Records for the task —
◇ ◇ ◇ ◇ ◇ ◇ ◇
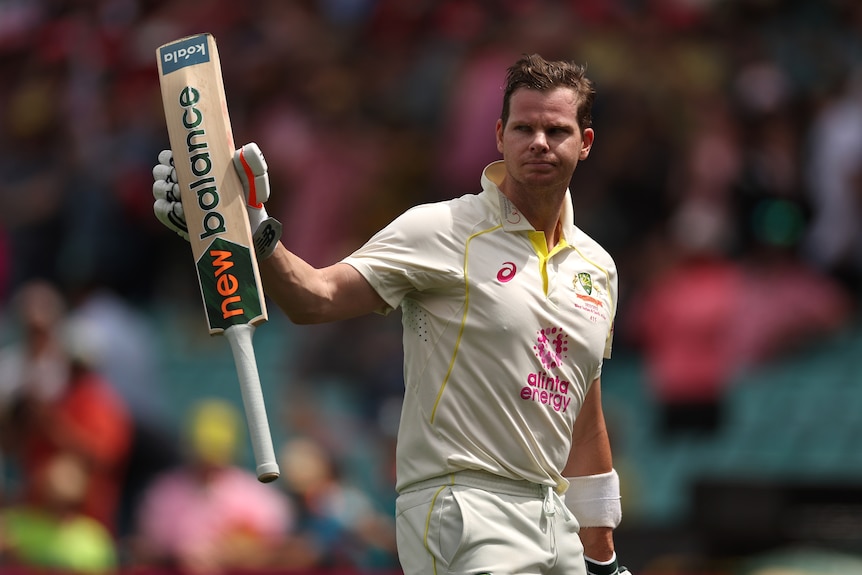 Australia batter Steve Smith holds up his bat as he walks off the field during a Test against South Africa at the SCG.
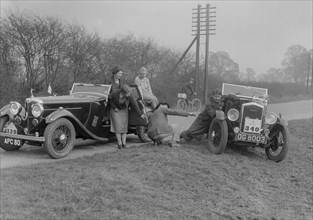 AC 4-seater tourer of Kitty Brunell and a Wolseley Hornet at the RAC Rally, 1933. Artist: Bill Brunell.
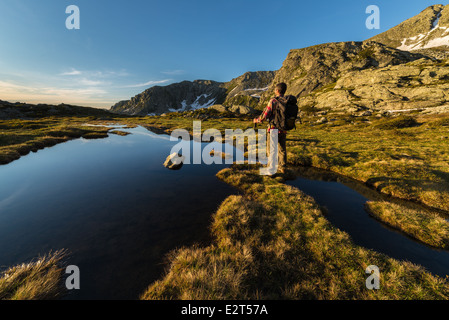 Männliche Wanderer mit Rucksack und Stick Rast und Sonnenaufgang in der Nähe von See und Bach in den italienischen Alpen zu beobachten. Stockfoto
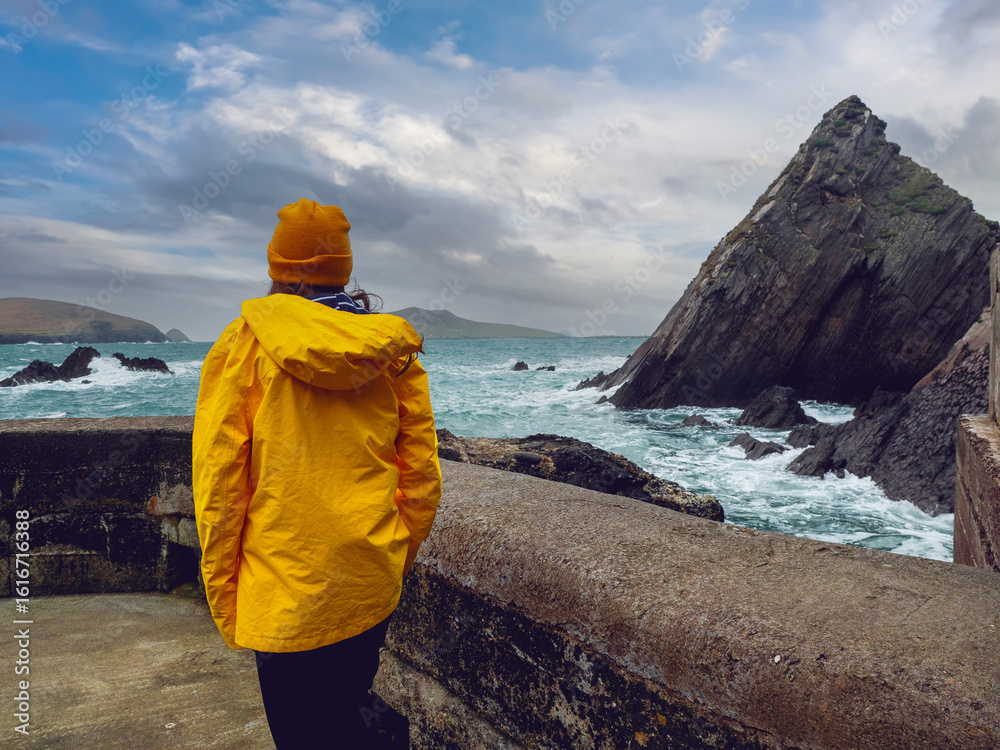 Φωτογραφία Girl tourist in yellow jacket and hat explore stunning Dunquin Pier area in county Kerry, Ireland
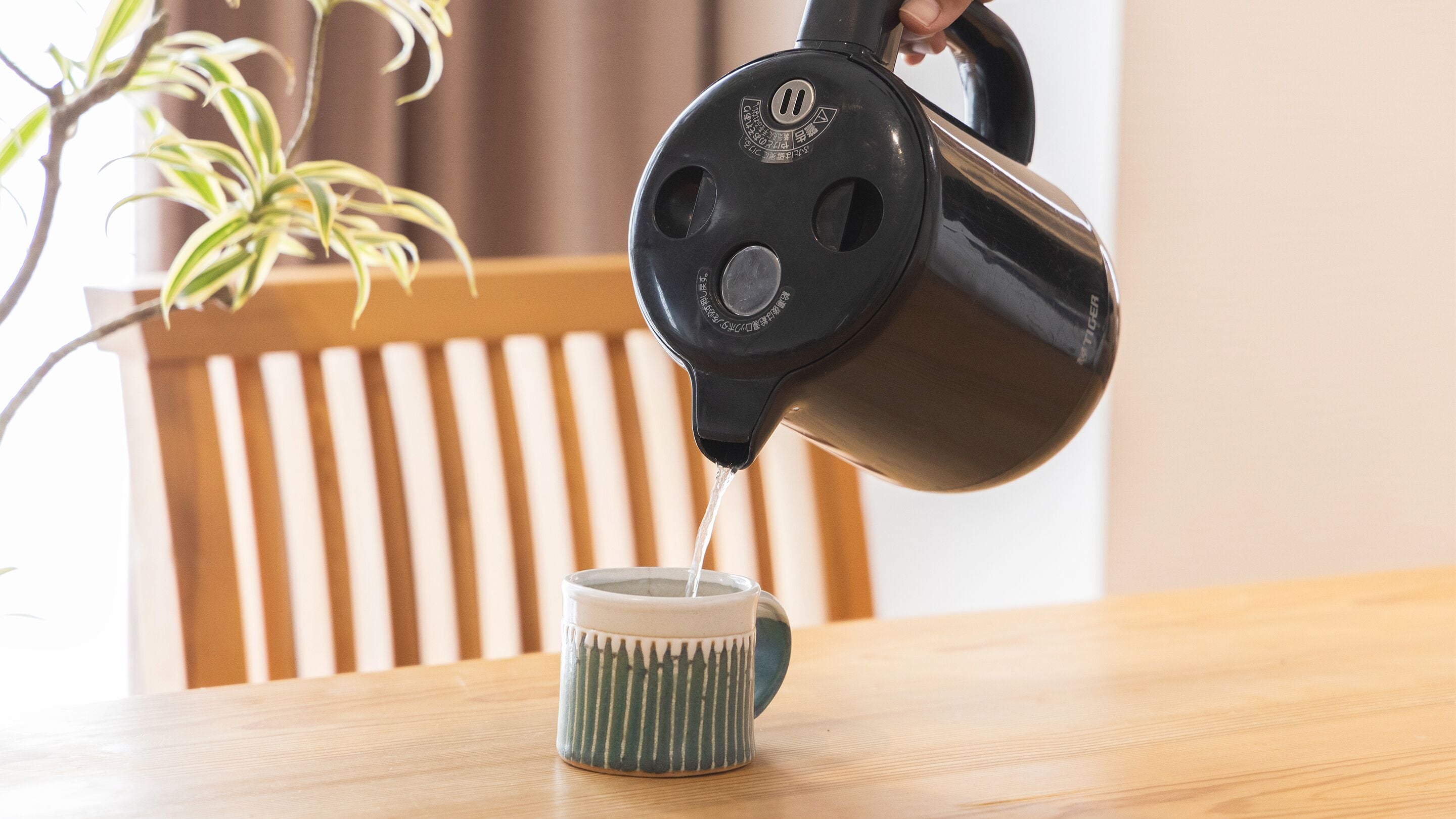 A hand pouring water from a black kettle into a green mug on a wooden table.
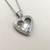 Diamond heart pendant necklace featuring 0.43tcw moving diamonds, elegantly set in 14kt white gold for a unique and dazzling design Treasured & Co.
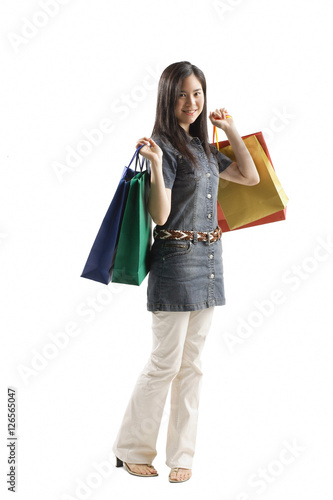 Young woman standing with shopping bags, looking at camera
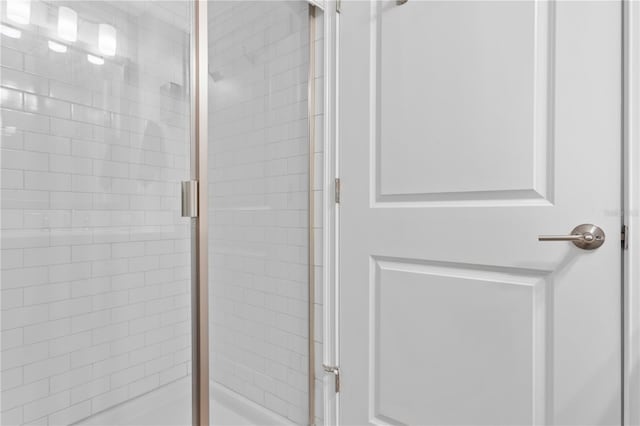 bathroom featuring a stall shower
◇ ◇ ◇ ◇ ◇ ◇ ◇
Your instructions —
Your answer must be an exact copy of the records, minus any pictures.

Expected output —
 Australia batter Steve Smith holds up his bat as he walks off the field during a Test against South Africa at the SCG.
 AC 4-seater tourer of Kitty Brunell and a Wolseley Hornet at the RAC Rally, 1933. Artist: Bill Brunell.
 Männliche Wanderer mit Rucksack und Stick Rast und Sonnenaufgang in der Nähe von See und Bach in den italienischen Alpen zu beobachten. Stockfoto
 Φωτογραφία Girl tourist in yellow jacket and hat explore stunning Dunquin Pier area in county Kerry, Ireland
 A hand pouring water from a black kettle into a green mug on a wooden table.
 Diamond heart pendant necklace featuring 0.43tcw moving diamonds, elegantly set in 14kt white gold for a unique and dazzling design Treasured & Co.
 Young woman standing with shopping bags, looking at camera
 bathroom featuring a stall shower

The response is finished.